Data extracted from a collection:
Content starts

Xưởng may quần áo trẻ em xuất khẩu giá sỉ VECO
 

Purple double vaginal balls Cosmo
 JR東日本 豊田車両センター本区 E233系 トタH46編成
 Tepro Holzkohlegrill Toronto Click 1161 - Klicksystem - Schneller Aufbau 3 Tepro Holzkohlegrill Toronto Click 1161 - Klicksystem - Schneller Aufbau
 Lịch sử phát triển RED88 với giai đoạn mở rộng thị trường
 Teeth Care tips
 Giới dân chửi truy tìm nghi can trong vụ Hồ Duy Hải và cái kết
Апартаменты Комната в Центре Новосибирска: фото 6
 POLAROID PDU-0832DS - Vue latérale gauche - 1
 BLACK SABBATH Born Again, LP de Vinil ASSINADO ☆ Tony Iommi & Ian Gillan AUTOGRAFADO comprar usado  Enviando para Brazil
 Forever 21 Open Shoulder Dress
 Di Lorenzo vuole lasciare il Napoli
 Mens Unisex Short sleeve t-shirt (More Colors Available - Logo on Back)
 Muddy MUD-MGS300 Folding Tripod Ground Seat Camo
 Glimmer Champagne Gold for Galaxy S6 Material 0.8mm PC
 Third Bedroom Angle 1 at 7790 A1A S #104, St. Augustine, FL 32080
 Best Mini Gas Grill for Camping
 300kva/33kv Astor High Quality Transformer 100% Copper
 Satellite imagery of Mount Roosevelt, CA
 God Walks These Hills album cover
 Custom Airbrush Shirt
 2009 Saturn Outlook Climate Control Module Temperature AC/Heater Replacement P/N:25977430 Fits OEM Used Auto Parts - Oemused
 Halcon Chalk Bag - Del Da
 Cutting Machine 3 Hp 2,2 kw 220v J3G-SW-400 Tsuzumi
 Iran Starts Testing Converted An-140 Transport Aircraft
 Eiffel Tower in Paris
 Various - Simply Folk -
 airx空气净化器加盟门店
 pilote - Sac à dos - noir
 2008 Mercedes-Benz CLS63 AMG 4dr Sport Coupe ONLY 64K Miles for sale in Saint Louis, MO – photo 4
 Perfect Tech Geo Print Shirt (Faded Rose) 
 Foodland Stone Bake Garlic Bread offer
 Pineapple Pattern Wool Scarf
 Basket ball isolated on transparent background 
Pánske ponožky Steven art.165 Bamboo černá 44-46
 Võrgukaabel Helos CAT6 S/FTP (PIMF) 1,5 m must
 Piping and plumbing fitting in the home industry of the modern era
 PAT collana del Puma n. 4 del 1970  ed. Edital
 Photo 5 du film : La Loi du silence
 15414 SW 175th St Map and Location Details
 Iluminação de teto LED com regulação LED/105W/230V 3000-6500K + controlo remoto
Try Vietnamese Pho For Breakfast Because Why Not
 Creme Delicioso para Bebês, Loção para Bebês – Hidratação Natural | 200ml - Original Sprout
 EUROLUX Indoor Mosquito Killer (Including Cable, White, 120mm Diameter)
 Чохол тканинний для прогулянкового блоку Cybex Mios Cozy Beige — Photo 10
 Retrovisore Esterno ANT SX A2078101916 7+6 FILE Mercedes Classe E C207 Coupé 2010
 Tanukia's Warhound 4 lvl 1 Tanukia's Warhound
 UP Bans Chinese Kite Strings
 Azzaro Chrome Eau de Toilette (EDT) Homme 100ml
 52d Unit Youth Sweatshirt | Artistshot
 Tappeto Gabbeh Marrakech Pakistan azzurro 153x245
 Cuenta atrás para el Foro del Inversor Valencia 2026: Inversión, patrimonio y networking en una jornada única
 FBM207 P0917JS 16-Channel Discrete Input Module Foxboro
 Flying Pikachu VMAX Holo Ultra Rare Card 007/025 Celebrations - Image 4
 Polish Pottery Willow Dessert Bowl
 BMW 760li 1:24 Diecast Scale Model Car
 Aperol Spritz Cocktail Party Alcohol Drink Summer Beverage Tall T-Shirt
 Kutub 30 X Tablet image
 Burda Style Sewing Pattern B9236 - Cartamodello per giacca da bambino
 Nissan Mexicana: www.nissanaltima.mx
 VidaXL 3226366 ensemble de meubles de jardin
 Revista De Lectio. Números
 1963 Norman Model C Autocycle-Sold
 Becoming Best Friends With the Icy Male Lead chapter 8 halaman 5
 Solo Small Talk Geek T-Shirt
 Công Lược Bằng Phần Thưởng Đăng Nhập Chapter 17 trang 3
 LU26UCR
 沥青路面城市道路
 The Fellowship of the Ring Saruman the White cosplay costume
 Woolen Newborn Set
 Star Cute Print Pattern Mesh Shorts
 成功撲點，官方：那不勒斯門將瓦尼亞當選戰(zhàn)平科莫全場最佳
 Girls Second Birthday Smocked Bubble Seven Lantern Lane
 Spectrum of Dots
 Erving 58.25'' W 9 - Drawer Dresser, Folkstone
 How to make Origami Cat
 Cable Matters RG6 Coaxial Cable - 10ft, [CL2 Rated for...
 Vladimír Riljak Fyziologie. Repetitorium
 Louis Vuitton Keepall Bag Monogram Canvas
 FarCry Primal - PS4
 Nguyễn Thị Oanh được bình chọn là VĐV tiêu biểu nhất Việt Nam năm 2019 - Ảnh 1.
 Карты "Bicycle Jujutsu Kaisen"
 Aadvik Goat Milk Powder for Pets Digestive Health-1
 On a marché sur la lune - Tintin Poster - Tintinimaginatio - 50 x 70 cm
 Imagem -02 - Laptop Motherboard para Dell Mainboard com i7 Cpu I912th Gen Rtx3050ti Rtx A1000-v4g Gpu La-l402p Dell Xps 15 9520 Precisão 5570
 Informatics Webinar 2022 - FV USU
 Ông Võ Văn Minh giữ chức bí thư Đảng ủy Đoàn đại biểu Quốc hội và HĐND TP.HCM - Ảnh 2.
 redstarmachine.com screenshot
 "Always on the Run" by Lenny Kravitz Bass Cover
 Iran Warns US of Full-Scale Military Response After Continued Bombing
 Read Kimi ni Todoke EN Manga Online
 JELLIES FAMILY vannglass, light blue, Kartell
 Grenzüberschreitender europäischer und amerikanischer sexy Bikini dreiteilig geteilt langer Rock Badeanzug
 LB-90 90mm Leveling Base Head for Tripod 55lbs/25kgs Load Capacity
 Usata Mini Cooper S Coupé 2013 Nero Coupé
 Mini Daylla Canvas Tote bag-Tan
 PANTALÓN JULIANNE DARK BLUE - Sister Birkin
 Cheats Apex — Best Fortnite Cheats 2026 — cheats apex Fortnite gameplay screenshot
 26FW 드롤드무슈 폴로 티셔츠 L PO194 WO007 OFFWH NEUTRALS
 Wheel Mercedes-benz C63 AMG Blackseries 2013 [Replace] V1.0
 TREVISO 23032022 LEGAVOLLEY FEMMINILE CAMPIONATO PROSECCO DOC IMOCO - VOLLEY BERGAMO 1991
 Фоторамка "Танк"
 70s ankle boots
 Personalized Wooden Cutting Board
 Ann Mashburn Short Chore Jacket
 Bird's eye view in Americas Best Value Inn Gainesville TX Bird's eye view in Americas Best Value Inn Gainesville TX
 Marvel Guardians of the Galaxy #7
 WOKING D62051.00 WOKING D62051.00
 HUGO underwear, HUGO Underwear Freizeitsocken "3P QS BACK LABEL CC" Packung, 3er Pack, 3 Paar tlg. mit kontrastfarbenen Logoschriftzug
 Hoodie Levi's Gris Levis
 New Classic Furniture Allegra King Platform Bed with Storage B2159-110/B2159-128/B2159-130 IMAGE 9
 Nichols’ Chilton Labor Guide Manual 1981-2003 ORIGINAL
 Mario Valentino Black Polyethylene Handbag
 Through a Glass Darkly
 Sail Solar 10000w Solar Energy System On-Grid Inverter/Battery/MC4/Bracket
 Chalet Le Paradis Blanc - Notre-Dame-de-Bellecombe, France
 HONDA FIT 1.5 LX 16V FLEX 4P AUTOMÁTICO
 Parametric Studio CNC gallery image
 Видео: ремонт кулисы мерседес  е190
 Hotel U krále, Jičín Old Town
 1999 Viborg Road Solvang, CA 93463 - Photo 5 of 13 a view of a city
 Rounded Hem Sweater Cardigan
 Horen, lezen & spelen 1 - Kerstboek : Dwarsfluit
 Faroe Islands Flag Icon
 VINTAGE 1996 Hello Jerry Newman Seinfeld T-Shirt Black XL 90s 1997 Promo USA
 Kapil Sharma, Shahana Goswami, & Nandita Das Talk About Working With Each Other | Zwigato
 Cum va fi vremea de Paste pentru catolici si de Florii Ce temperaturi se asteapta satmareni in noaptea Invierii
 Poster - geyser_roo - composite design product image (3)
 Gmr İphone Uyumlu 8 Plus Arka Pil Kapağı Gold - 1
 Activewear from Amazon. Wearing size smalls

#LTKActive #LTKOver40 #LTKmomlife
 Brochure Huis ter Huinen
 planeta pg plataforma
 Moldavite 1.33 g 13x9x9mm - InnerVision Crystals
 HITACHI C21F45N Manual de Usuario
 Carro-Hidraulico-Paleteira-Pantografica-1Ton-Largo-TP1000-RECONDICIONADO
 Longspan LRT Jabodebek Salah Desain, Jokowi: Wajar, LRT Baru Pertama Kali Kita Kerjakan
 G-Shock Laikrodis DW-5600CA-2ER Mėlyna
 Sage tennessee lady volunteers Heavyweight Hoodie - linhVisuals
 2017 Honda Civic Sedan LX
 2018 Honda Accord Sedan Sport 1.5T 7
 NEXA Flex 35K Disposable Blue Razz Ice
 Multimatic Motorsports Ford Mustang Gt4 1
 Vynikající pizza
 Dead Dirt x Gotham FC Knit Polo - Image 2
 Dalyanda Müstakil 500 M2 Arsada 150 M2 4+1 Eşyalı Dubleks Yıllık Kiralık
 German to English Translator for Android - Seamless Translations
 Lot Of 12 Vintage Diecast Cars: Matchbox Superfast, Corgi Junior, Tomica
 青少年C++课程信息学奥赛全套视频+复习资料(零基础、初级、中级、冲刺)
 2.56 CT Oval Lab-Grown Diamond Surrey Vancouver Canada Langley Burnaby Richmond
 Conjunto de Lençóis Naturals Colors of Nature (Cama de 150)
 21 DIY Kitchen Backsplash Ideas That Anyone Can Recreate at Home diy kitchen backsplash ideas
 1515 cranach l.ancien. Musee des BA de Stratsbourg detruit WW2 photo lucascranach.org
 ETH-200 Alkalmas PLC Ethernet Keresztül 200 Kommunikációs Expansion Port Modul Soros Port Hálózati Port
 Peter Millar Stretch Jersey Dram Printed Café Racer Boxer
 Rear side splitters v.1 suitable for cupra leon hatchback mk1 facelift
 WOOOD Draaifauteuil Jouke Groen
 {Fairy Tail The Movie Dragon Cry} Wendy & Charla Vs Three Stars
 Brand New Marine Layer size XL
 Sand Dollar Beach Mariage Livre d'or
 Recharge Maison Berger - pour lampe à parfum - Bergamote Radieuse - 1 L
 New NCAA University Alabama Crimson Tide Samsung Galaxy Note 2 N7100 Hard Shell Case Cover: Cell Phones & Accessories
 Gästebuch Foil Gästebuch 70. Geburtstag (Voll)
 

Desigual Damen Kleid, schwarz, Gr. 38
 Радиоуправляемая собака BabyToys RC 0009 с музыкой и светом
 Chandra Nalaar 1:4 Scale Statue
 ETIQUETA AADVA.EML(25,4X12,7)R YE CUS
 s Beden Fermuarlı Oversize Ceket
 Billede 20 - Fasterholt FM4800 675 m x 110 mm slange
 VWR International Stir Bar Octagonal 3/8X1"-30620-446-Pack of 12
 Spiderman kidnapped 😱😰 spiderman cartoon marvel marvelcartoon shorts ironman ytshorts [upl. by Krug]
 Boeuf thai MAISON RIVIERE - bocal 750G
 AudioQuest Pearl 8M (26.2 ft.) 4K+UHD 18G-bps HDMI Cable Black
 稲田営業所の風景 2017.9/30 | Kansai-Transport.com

Content ends

Give again, word for word, the records from their first line to the one with "Lịch sử phát", and leave out all else.

Xưởng may quần áo trẻ em xuất khẩu giá sỉ VECO
 

Purple double vaginal balls Cosmo
 JR東日本 豊田車両センター本区 E233系 トタH46編成
 Tepro Holzkohlegrill Toronto Click 1161 - Klicksystem - Schneller Aufbau 3 Tepro Holzkohlegrill Toronto Click 1161 - Klicksystem - Schneller Aufbau
 Lịch sử phát triển RED88 với giai đoạn mở rộng thị trường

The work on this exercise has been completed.